A partir daí é à descarada: dois carros em cio. A geografia de San Francisco, montanha russa, favorece a orgia. Há acelerações súbitas que fazem explodir os motores, um tampão que salta, as quatro rodas no ar, suspensões que se esmagam contra o asfalto. Ai, ui, de pneus e aço. Nenhuma palavra ou som humano, como se apenas a intensa combustão das máquinas contasse.
E saem da cidade. Na estrada, aparece-lhes uma moto de frente, e sabe-se como as relações apaixonadas se dão mal com a presença de terceiros. O Mustang morde a poeira e conhece o ciúme do despiste. Volta vingativo, e vê-se na mão dos perseguidos a promessa orgástica duma caçadeira negra. Os carros estão lado a lado, num vaivém de bater um contra o outro. Ombro a ombro, pela frente, por trás, um toque de quadris. Dois, três tiros dos perseguidos não chegam para evitar o violento espasmo de ancas que o Mustang de McQueen lhes dá: o Dodge voa pelos ares, embate violento contra uma bomba de gasolina e explode em vermelho de fogo, clímax que até a pé, quanto mais de carro, todos perseguimos.
Foi a “primeira vez”. Até hoje, já vimos muito mais. No “Duel”, de Spielberg, há um camião, que devia ter vergonha naquele corpanzil, em assédio, abuso e castigo a uma viaturazinha, flor da estrada. Um carro perverso tira dos carris um comboio, em “French Connection”. Num claro caso de S&M, uma “pick-up” humilha e faz afocinhar um caça F-35, no último “Die Hard”.

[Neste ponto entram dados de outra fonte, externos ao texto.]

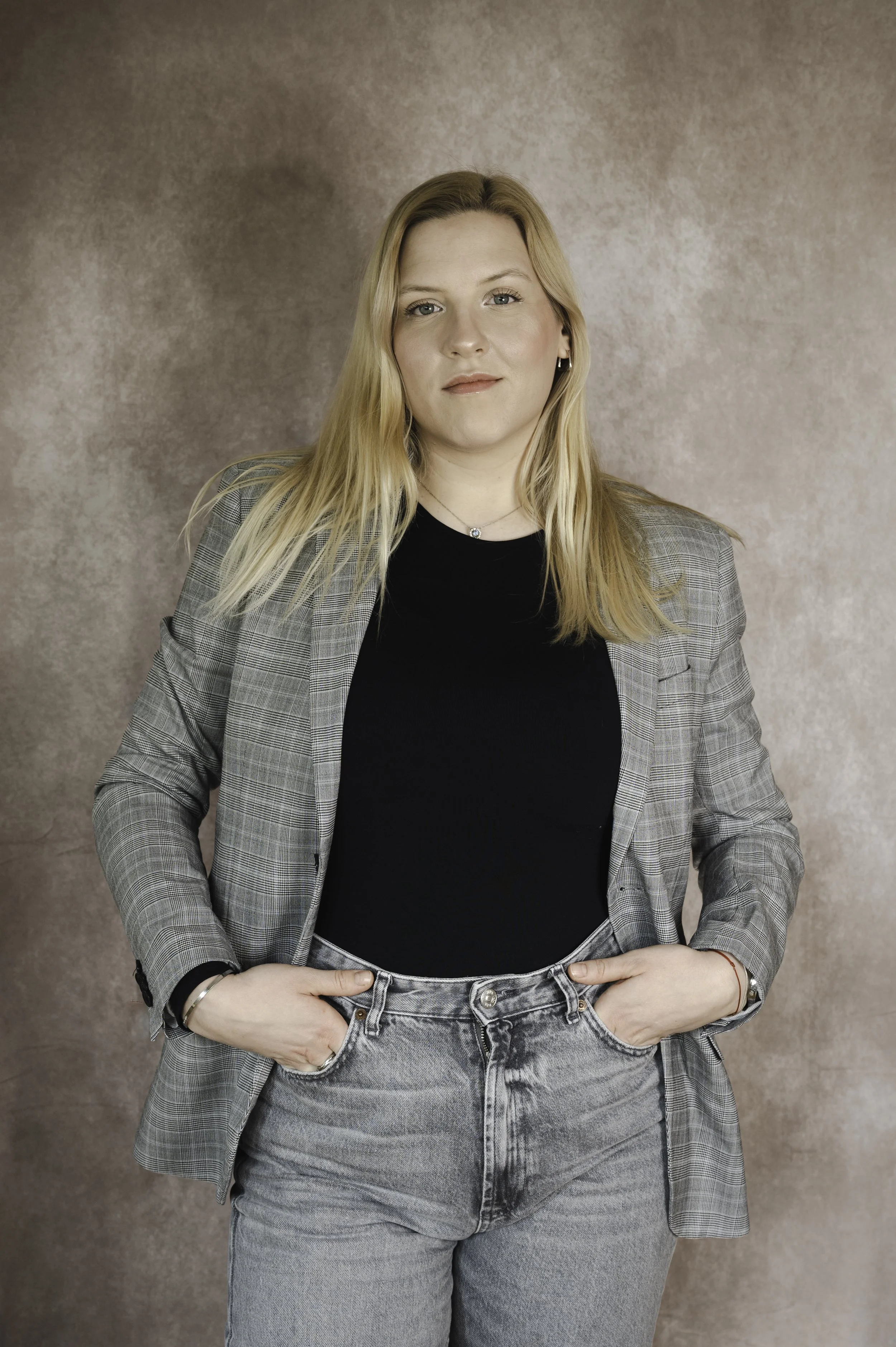 A young woman with blonde hair wearing a gray plaid blazer, black shirt, and gray jeans standing against a textured beige background.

Sinal dos tempos, no “Tomorrow Never Dies”, Bond já não toca, nem com um dedo, no volante. Deitado no banco traseiro do BMW 750i, controla, no ecrã de um pré ipad, choques promíscuos com carros voluptuosos. No fim, salta mesmo do carro que faz voar do alto de um arranha-céus, levando-o, por controlo remoto, a espetar-se, em espectáculo contra-natura, numa montra da Avis rent-a-car. Foi o plano mais rentável de toda a história do cinema. Afinal, mesmo motorizado e a ipad, o sexo rende sempre.